Up first is this classic from the “World’s Greatest Super Heroes” line. The earliest versions of Batman and Robin were issued with removable masks, but Mego soon phased these out, replacing them with the fully-sculpted heads most toy fans are familiar with today. The company clearly wasn’t paying attention to the grim and gritty detective that Neal Adams and company were currently crafting over at DC. Mego’s offering was straight out of the 1950s with his lack of muscle tone and inexplicable smile. It was odd, even at the time. After all, none of the Marvel characters were smiling! (OK, the Green Goblin was, but you know what I mean…)
I must have gone through a dozen of these guys back in the day. Unlike his television incarnation, my Batman didn’t always survive the deathtraps I devised for him. He would get broken, lost, stolen by other kids in the neighborhood, and yet, with a little gentle nagging, I could always convince my parents to replace him with a shiny new doppelganger. I mean, you just had to have a Batman. And, of course, you can’t have Batman without Robin, and since Bruce can’t really slap the kid around, you’re gonna need a Joker or Riddler for them to fight… Mego sold a lot of Batman figures this way.
Here’s the 12″ Magnetic Batman and Robin I coveted as a child. It seems the Caped Crusaders have decided to horn in on a certain Web-Head’s territory and can now stick to stuff, courtesy of the huge honkin’ magnets in their hands and feet. Right off the bat (ahem), you’ll note the change in Batman’s expression — the goofy smile is gone, replaced by a serious scowl. Who pissed in his cornflakes?
From the “Kill it! Kill it!” department comes Mego’s Batman and Robin Super juniors!

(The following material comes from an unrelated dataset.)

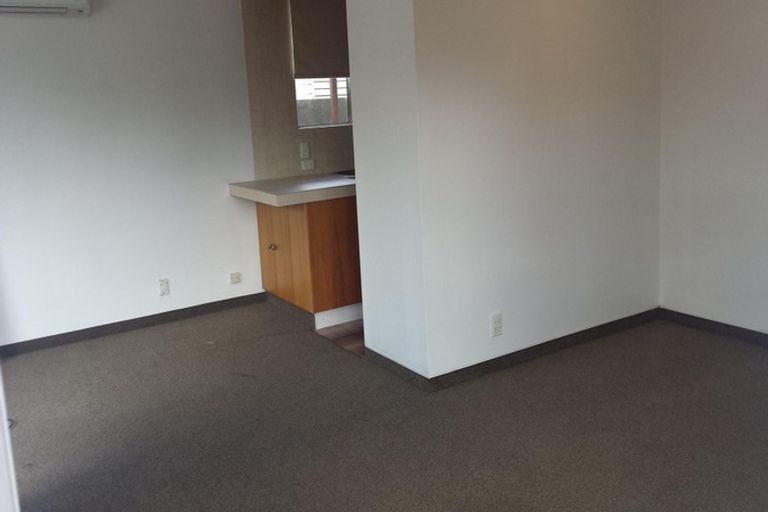 Photo of property in 32 Grants Road, Papanui, Christchurch, 8053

These tiny terrors were unleashed upon an unsuspecting world in 1978. These are basically chew toys for dogs, but marketed to people — not only are they made of the same sturdy vinyl, but they also let out a loud squeak when ya squeeze ’em! Superman and Wonder Woman also mutated the same way. I guess someone at Mego thought these were cute. The buying public, however, did not; they reacted with justifiable horror at the mere sight of these things and the line quickly faded from view, rising only occasionally to haunt our nightmares and lame retro toy articles that come in a little too short.
And now, no list would be complete without this all-time favorite. You’ve seen it before, now see it some more: The Batman Water Pistol!
This violation of all that’s good and pure was manufactured by a little company called Durham Ind Inc. in their bid for internet immortality Always topping the “10 Weirdest Toys” lists, this truly bizarre take on the character had an entire generation of kids feeling ooky about the Dark Knight. Now, I thought Illco’s “Monster Balls” were cheeky, but this is on a whole ‘nother level. Clearly Fredric Wertham was right and we need to dig him up and apologize — nothing good is going to come from teaching kids that water goes in your butt and comes out of your mouth. Also, don’t pull that trigger until your wedding night, kids. You’ll be glad you waited!